§ **Dataset excerpt**:

============================================================

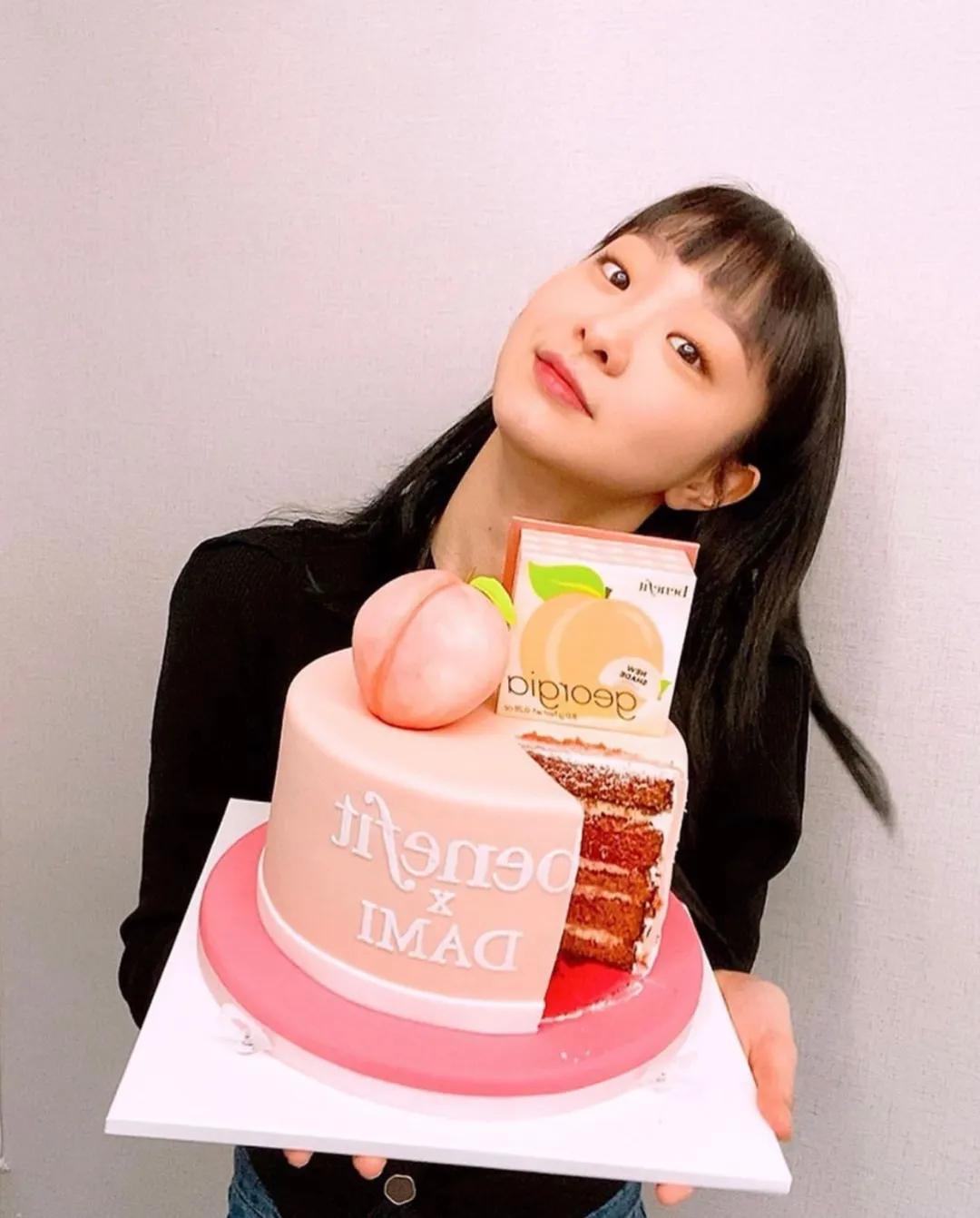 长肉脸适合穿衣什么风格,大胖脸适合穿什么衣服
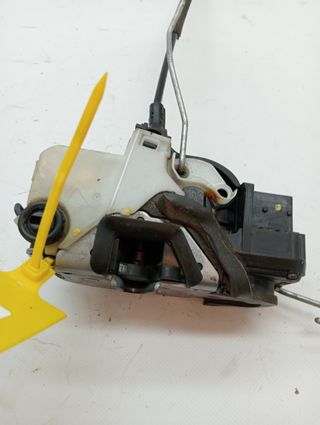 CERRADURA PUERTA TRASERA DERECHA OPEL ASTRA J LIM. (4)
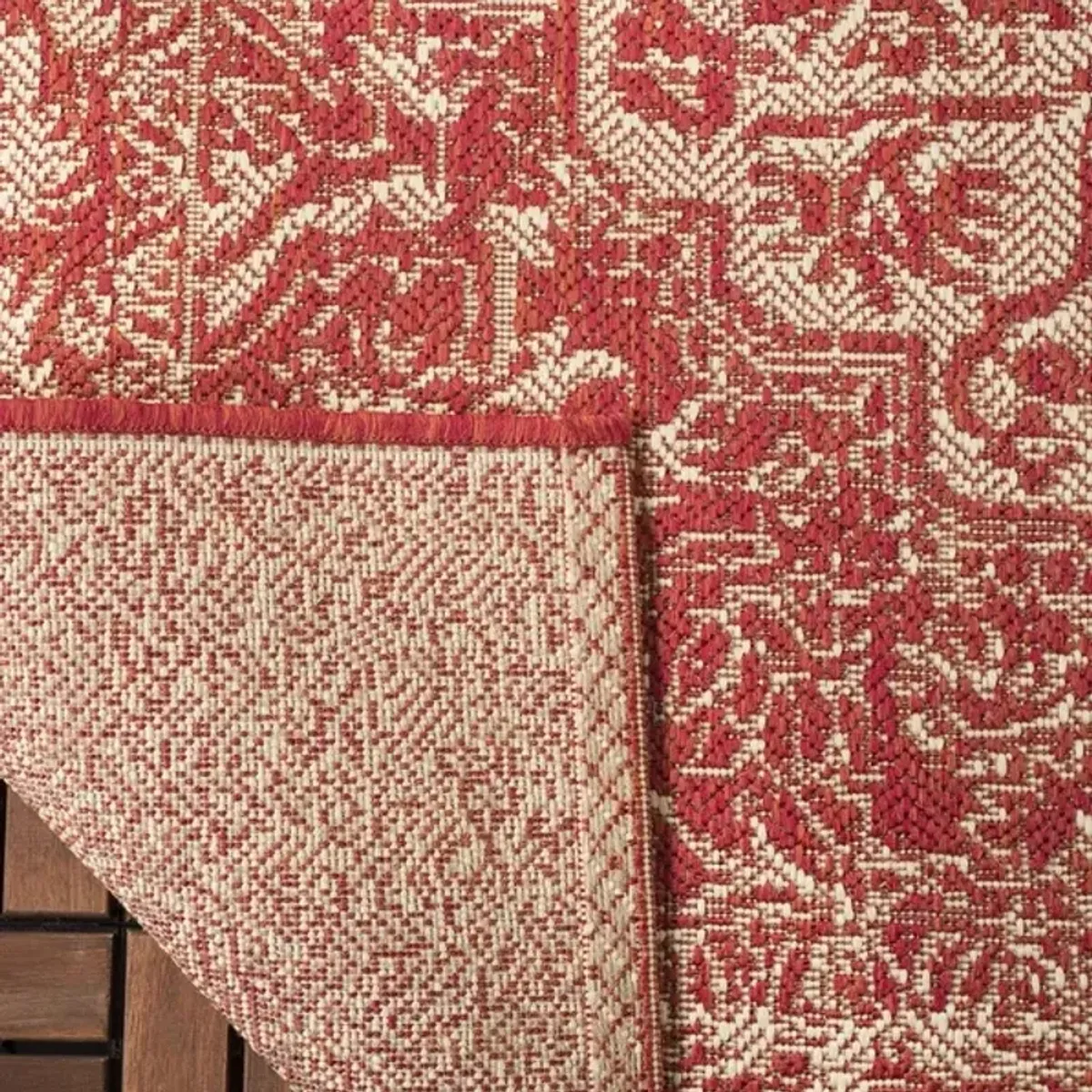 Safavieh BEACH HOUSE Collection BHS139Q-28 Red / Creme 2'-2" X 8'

============================================================

§ **What is expected**: Every line above should be output exactly, except for the pictures.

§ **Response area**:
 长肉脸适合穿衣什么风格,大胖脸适合穿什么衣服
 CERRADURA PUERTA TRASERA DERECHA OPEL ASTRA J LIM. (4)
 Safavieh BEACH HOUSE Collection BHS139Q-28 Red / Creme 2'-2" X 8'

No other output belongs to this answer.